§ The problem: Take the records below and set down exactly the lines from the one with "Apartments Park 2016 Surdulica Kültér fotó" to the one with "Universal MOTOR Phone", ends included; do not copy the pictures.

§ Source data:
>>>>

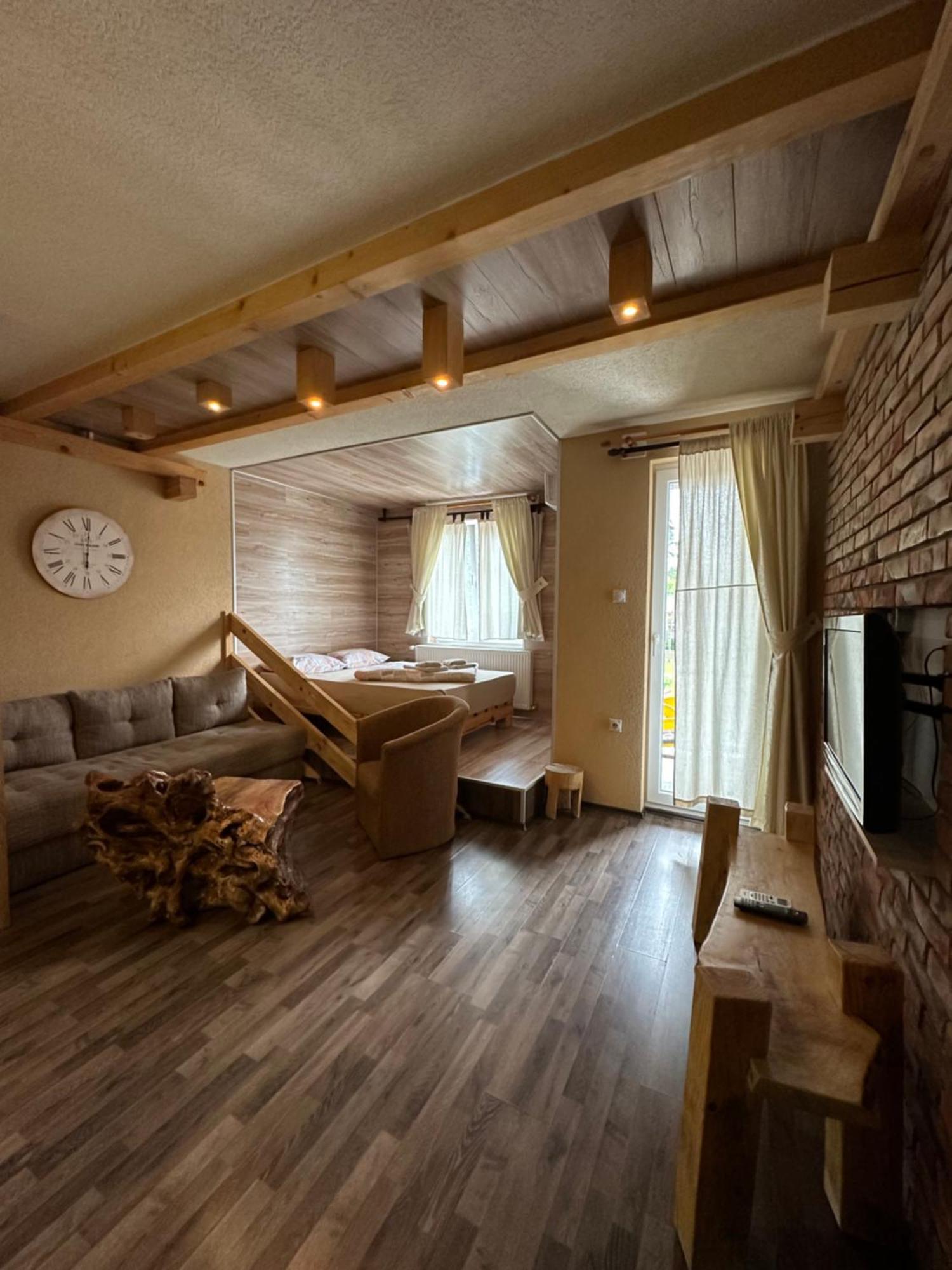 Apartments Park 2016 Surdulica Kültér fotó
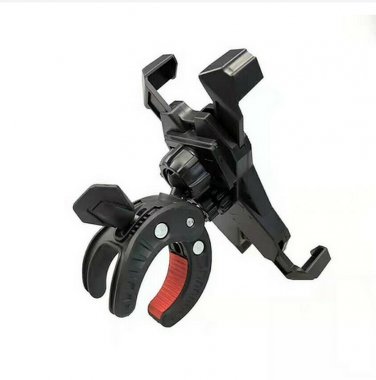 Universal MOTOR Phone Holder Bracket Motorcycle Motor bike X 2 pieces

<<<<
>>>>

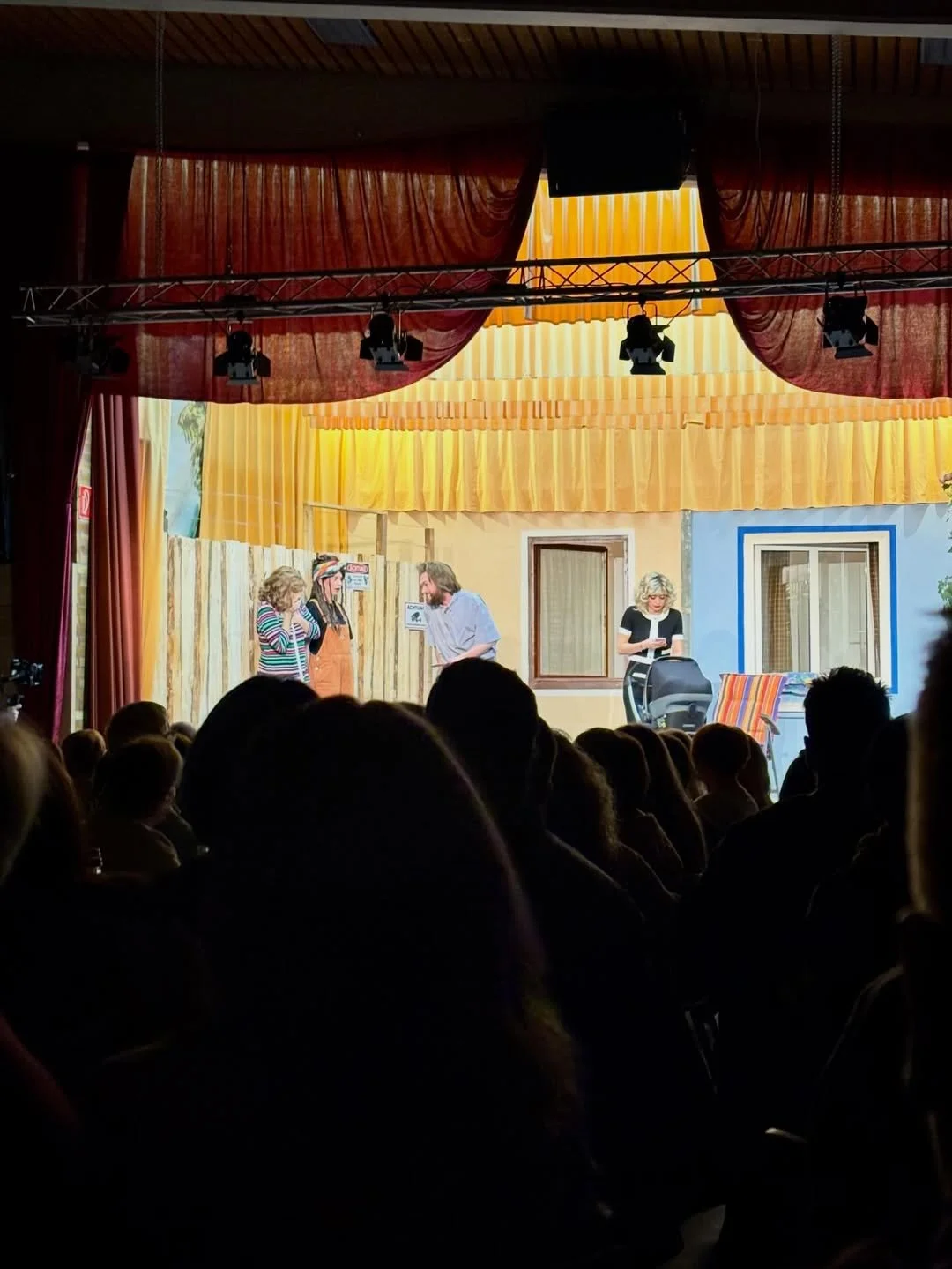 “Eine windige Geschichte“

<<<<

§ Response to the task:
 Apartments Park 2016 Surdulica Kültér fotó
 Universal MOTOR Phone Holder Bracket Motorcycle Motor bike X 2 pieces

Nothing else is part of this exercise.